> **YOUR OBJECTIVE**: Copy every line below precisely, leaving nothing out.

> **RECORDED INFORMATION**:
=======
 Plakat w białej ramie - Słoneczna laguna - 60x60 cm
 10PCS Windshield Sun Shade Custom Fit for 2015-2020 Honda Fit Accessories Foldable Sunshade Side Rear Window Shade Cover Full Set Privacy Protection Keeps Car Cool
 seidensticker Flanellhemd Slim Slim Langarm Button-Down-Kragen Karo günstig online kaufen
=======
> **RESPONSE TO THIS TASK**:
 Plakat w białej ramie - Słoneczna laguna - 60x60 cm
 10PCS Windshield Sun Shade Custom Fit for 2015-2020 Honda Fit Accessories Foldable Sunshade Side Rear Window Shade Cover Full Set Privacy Protection Keeps Car Cool
 seidensticker Flanellhemd Slim Slim Langarm Button-Down-Kragen Karo günstig online kaufen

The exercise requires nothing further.